The node exclusion-listing algorithm guards the mesh network against serious stranding. It integrates into AWPP in such a way that a node can quickly reconverge and find the correct network.
Throughput Analysis
Throughput depends on packet error rate and hop count.
Capacity and throughput are orthogonal concepts. Throughput is one user's experience at node N and the total area capacity is calculated over the entire sector of N-nodes and is based on the number of ingress and egress RAP, assuming separate noninterfering channels.
For example, 4 RAPs at 10 Mbps each deliver 40 Mbps total capacity. So, one user at 2 hops out, logically under each RAP, could get 5 Mbps each of TPUT, but consume 40 Mbps of the backhaul capacity.
With the Cisco Mesh solution, the per-hop latency is less than 10 msecs, and the typical latency numbers per hop range from 1 to 3 msecs. Overall jitter is also less than 3 msecs.
Throughput depends on the type of traffic being passed through the network: User Datagram Protocol (UDP) or Transmission Control Protocol (TCP). UDP sends a packet over Ethernet with a source and destination address and a UDP protocol header. It does not expect an acknowledgement (ACK). There is no assurance that the packet is delivered at the application layer.
TCP is similar to UDP but it is a reliable packet delivery mechanism. There are packet acknowledgments and a sliding window technique is used to allow the sender to transmit multiple packets before waiting for an ACK. There is a maximum amount of data the client transmits (called a TCP socket buffer window) before it stops sending data. Sequence numbers track packets sent and ensure that they arrive in the correct order. TCP uses cumulative ACKs and the receiver reports how much of the current stream has been received. An ACK might cover any number of packets, up to the TCP window size.
TCP uses slow start and multiplicative decrease to respond to network congestion or packet loss. When a packet is lost, the TCP window is cut in half and the back-off retransmission timer is increased exponentially. Wireless is subject to packet loss due to interference issues and TCP reacts to this packet loss. A slow start recovery algorithm is also used to avoid swamping a connection when recovering from packet loss. The effect of these algorithms in a lossy network environment is to lessen the overall throughput of a traffic stream.

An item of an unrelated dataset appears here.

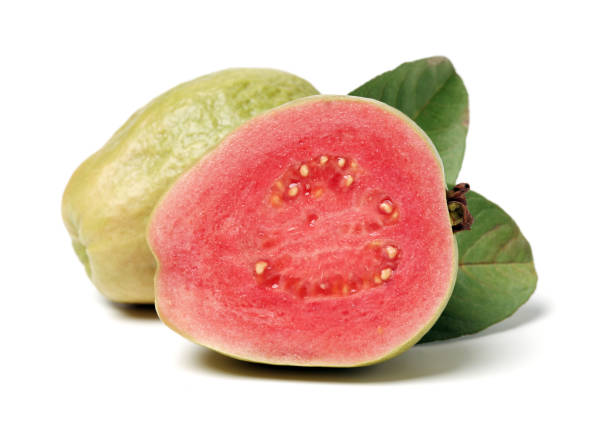 istock Pink guava isolated on white background 1133917487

By default, the maximum segment size (MSS) of TCP is 1460 bytes, which results in a 1500-byte IP datagram. TCP fragments any data packet that is larger than 1460 bytes, which can cause at least a 30-percent throughput drop. In addition, the controller encapsulates IP datagrams in the 48-byte CAPWAP tunnel header as shown in Figure 1. Any data packet that is longer than 1394 bytes is also fragmented by the controller, which results in up to a 15-percent throughput decrease.